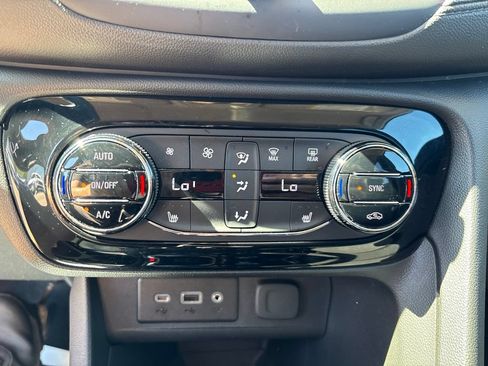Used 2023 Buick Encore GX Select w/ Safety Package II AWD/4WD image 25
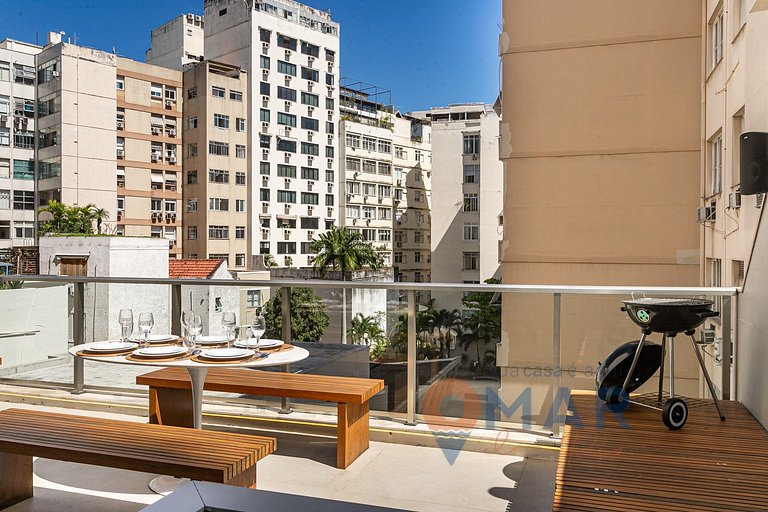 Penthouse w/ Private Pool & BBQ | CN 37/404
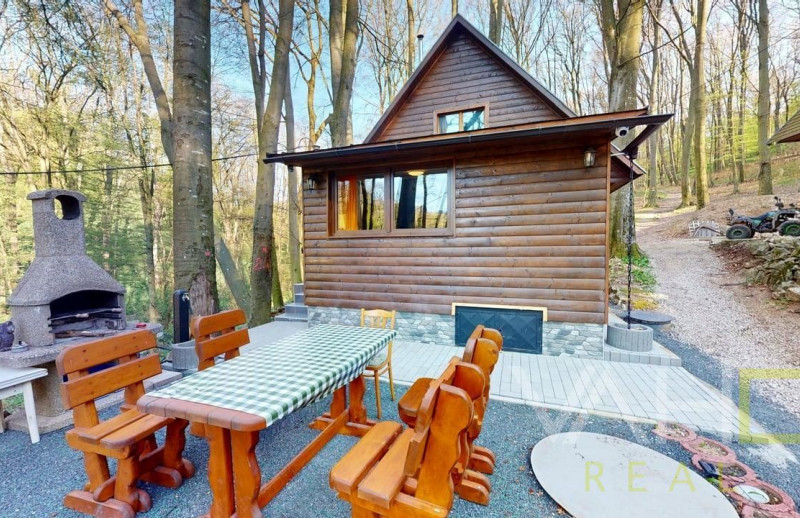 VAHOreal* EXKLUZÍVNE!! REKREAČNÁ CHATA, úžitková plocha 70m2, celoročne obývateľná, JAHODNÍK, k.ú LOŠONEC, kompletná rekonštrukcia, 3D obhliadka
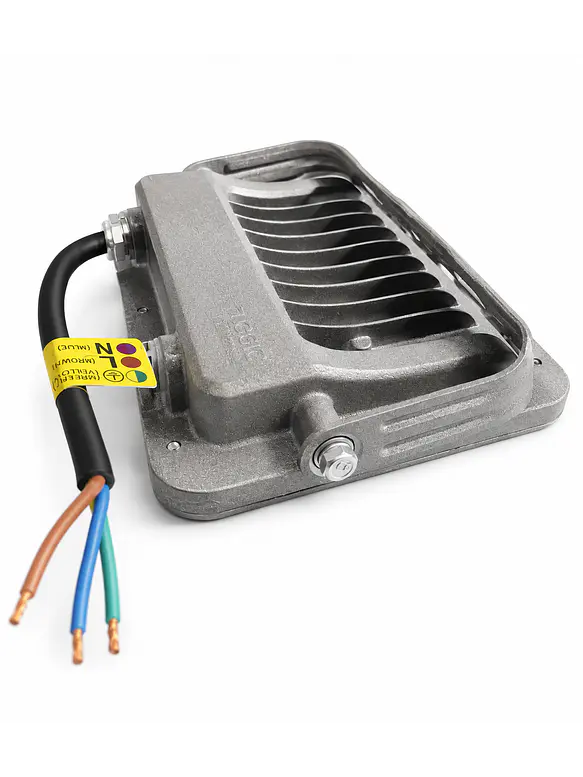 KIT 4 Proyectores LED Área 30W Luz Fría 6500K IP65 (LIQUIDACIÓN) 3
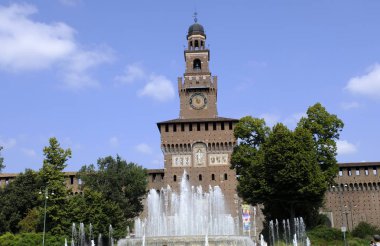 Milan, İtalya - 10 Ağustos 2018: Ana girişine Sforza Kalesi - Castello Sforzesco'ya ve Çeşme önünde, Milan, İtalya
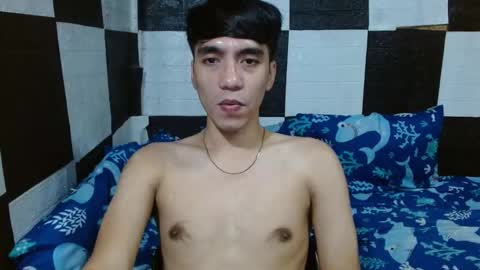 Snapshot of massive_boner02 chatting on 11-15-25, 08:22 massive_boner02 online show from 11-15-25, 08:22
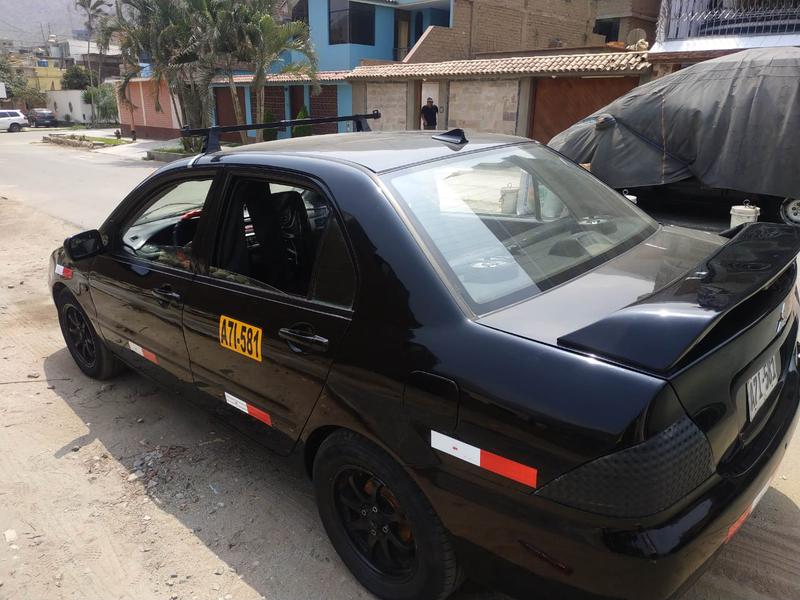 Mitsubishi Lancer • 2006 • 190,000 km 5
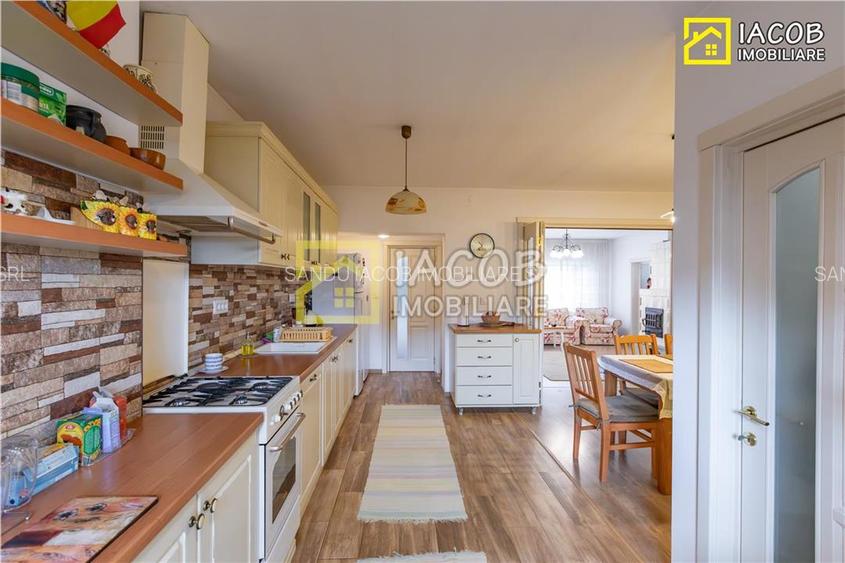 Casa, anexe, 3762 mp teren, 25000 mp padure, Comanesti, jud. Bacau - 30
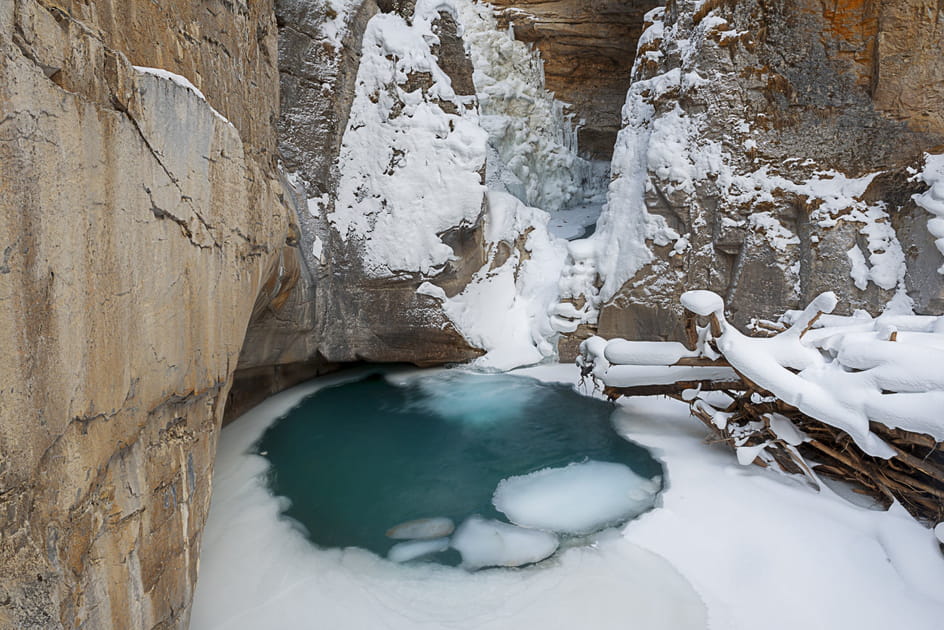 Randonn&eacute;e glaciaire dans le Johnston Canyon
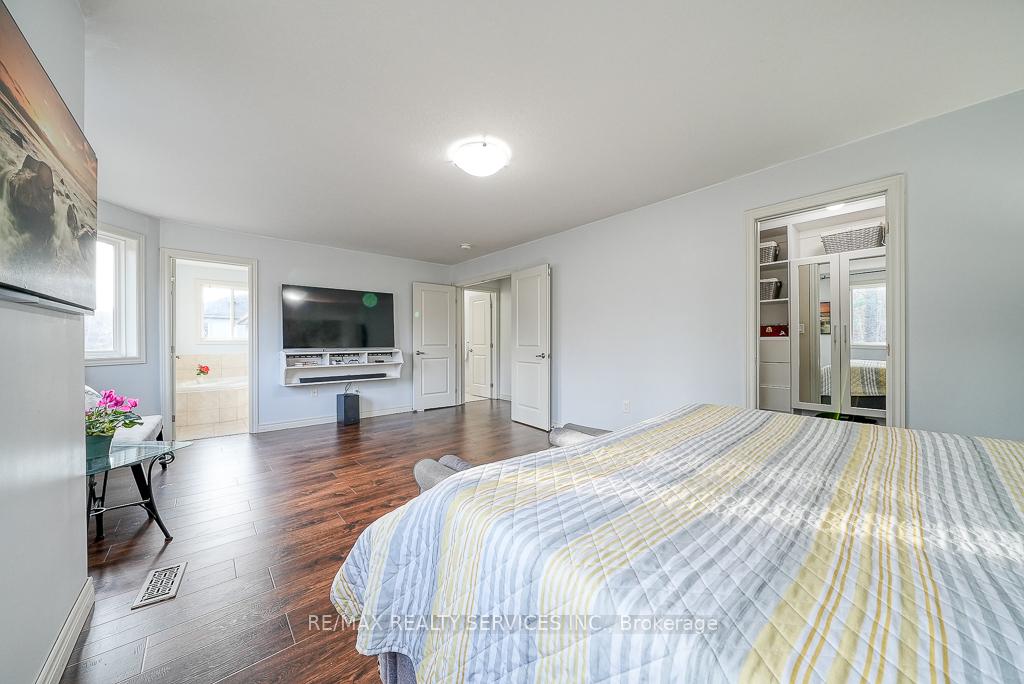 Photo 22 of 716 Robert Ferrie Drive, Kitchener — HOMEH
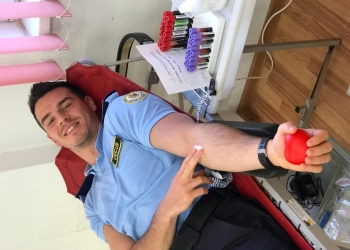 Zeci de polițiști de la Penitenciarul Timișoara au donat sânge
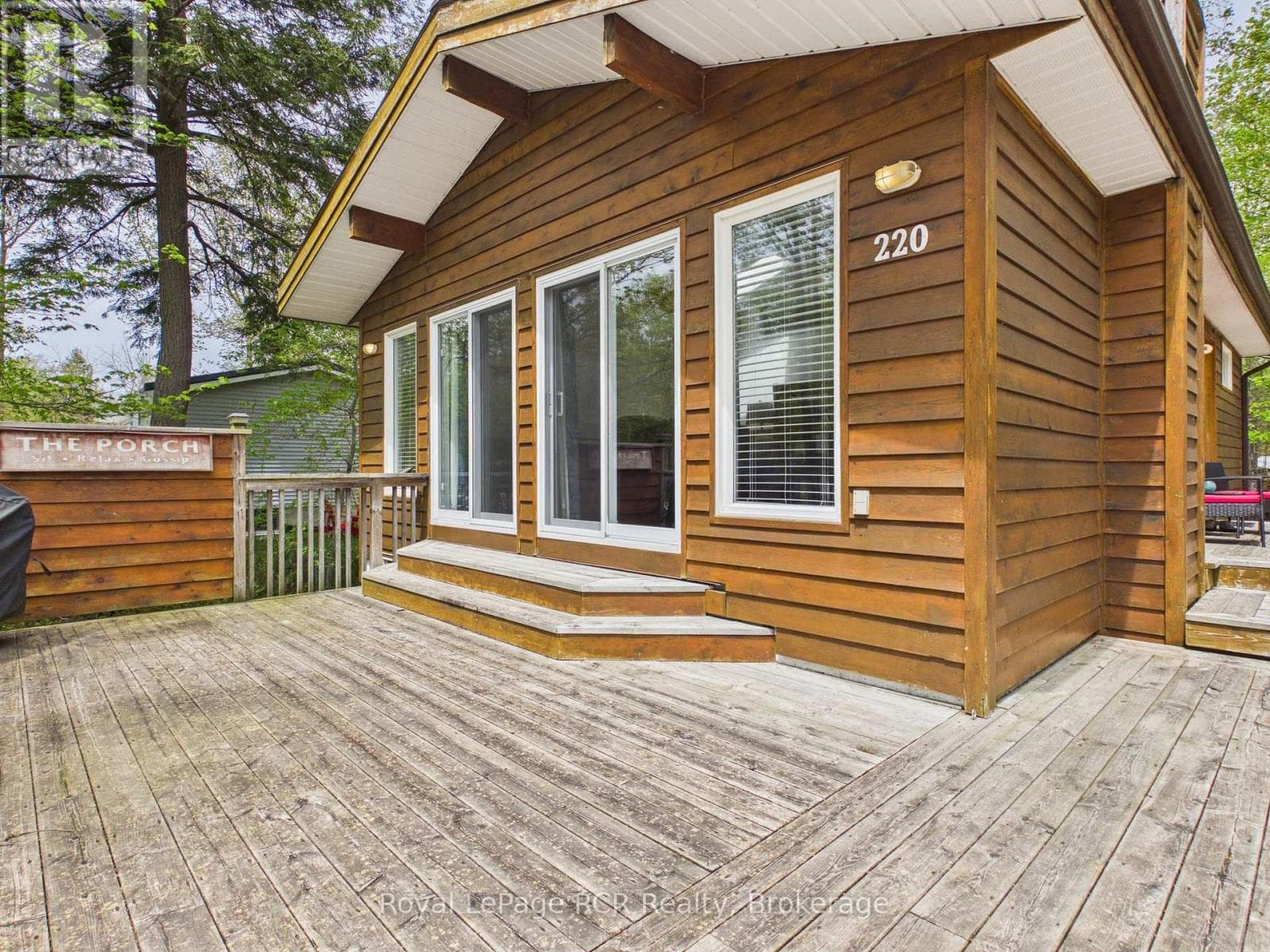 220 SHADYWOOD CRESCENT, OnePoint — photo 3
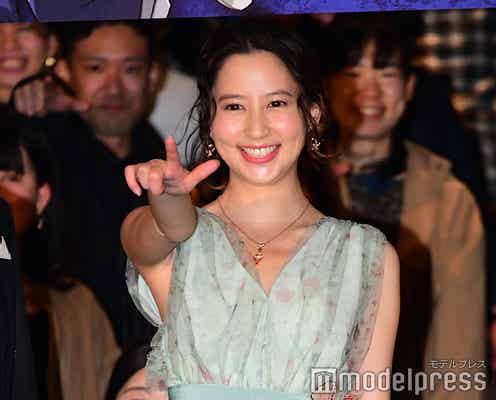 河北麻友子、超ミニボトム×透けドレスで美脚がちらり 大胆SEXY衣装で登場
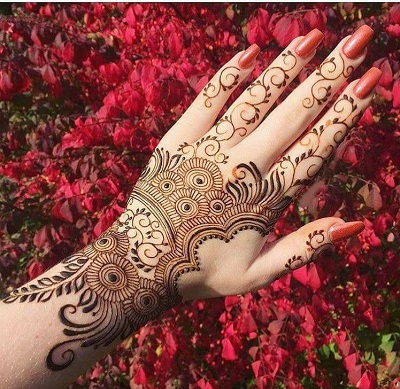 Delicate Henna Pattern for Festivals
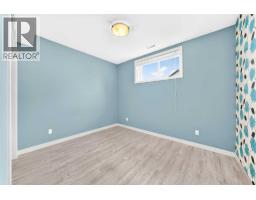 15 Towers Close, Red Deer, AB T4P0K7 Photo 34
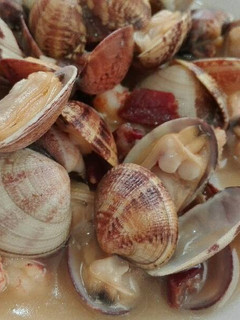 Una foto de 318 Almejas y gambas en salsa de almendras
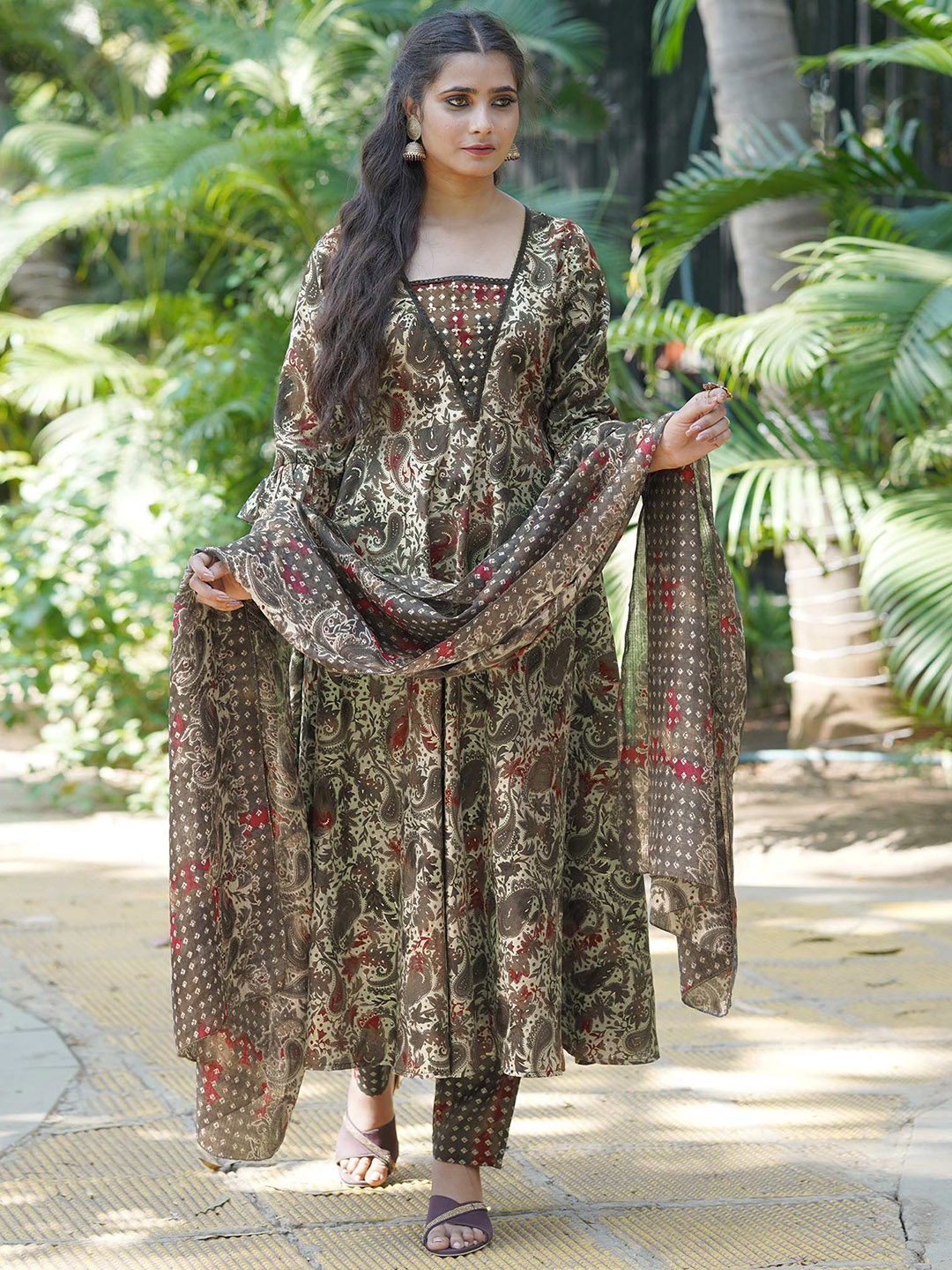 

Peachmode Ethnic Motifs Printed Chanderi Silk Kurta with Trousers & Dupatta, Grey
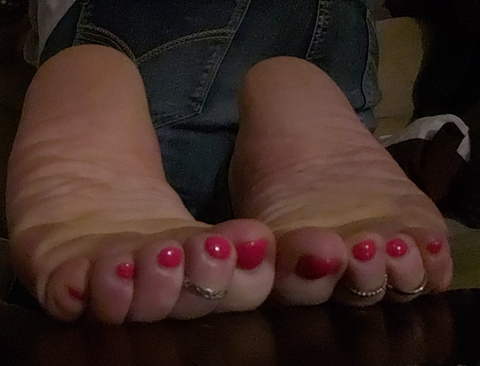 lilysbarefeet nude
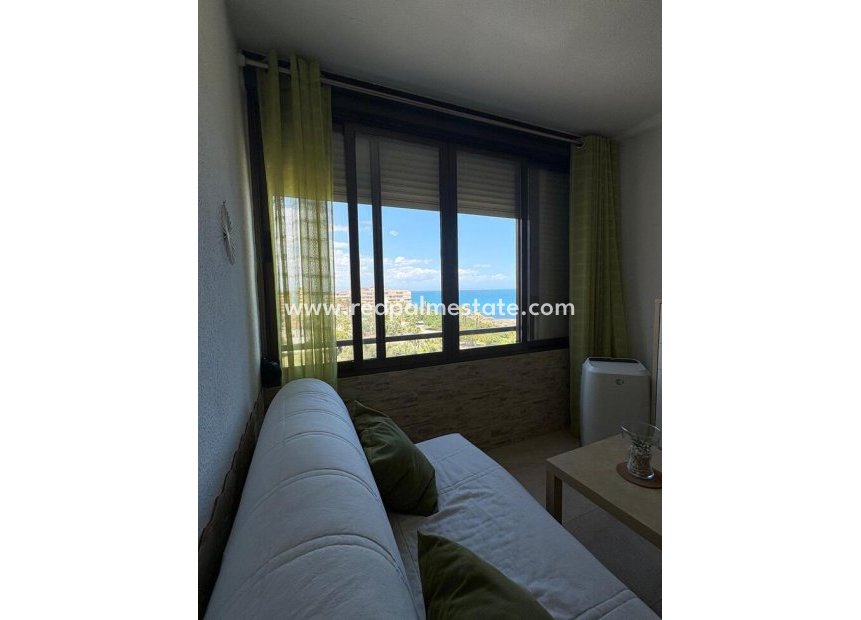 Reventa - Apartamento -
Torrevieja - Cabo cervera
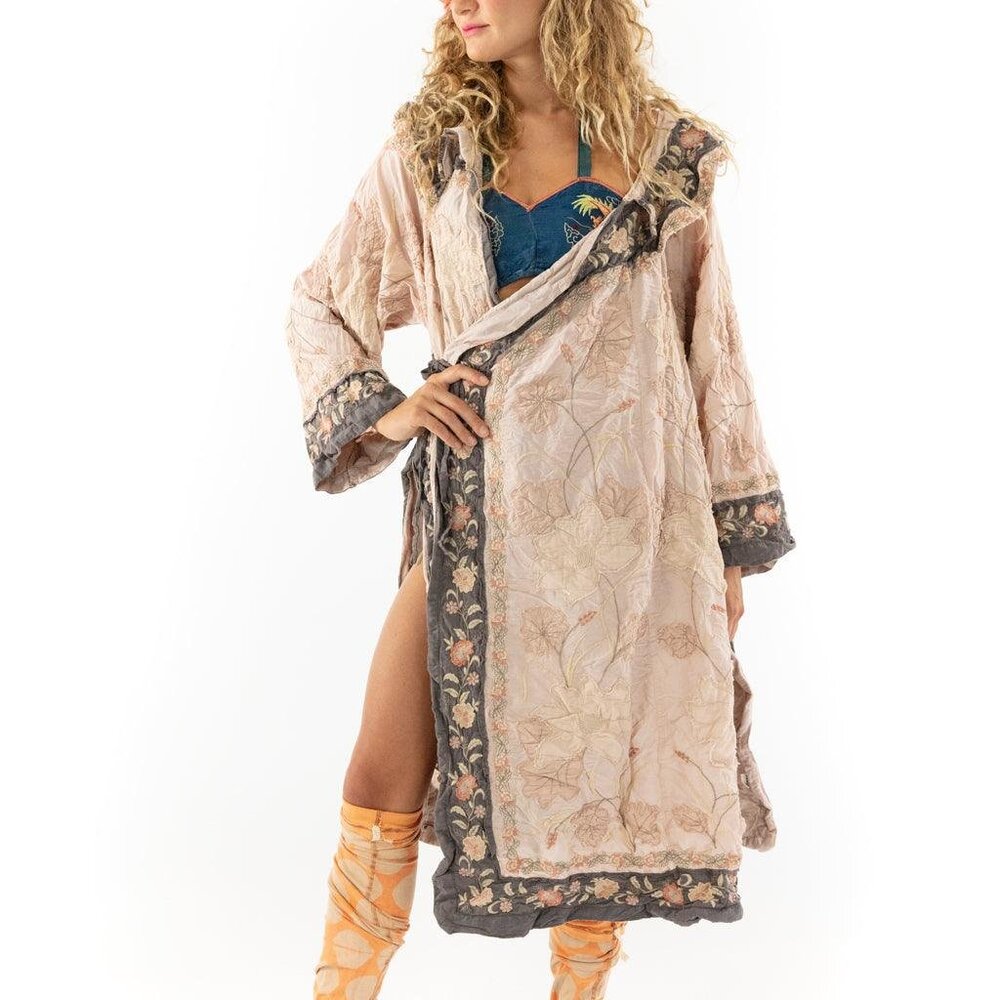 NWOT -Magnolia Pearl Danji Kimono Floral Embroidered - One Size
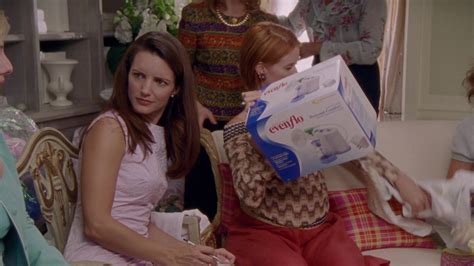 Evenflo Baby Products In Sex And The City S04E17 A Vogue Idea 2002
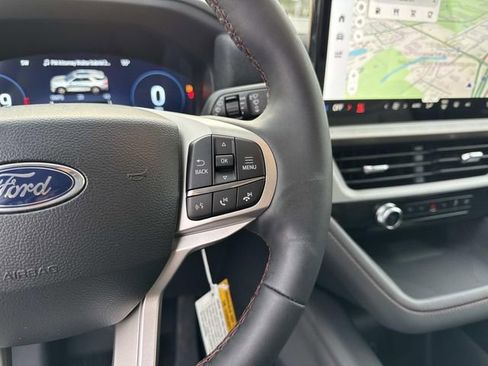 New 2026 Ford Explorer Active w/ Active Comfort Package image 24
++++++
→ **Task description**:
No pictures belong in the answer, only the lines from the top of the listing through the line containing "Randonn&eacute;e glaciaire dans", repeated word for word.

→ **Solution to this task**:
Used 2023 Buick Encore GX Select w/ Safety Package II AWD/4WD image 25
 Penthouse w/ Private Pool & BBQ | CN 37/404
 VAHOreal* EXKLUZÍVNE!! REKREAČNÁ CHATA, úžitková plocha 70m2, celoročne obývateľná, JAHODNÍK, k.ú LOŠONEC, kompletná rekonštrukcia, 3D obhliadka
 KIT 4 Proyectores LED Área 30W Luz Fría 6500K IP65 (LIQUIDACIÓN) 3
 Milan, İtalya - 10 Ağustos 2018: Ana girişine Sforza Kalesi - Castello Sforzesco'ya ve Çeşme önünde, Milan, İtalya
 Snapshot of massive_boner02 chatting on 11-15-25, 08:22 massive_boner02 online show from 11-15-25, 08:22
 Mitsubishi Lancer • 2006 • 190,000 km 5
 Casa, anexe, 3762 mp teren, 25000 mp padure, Comanesti, jud. Bacau - 30
 Randonn&eacute;e glaciaire dans le Johnston Canyon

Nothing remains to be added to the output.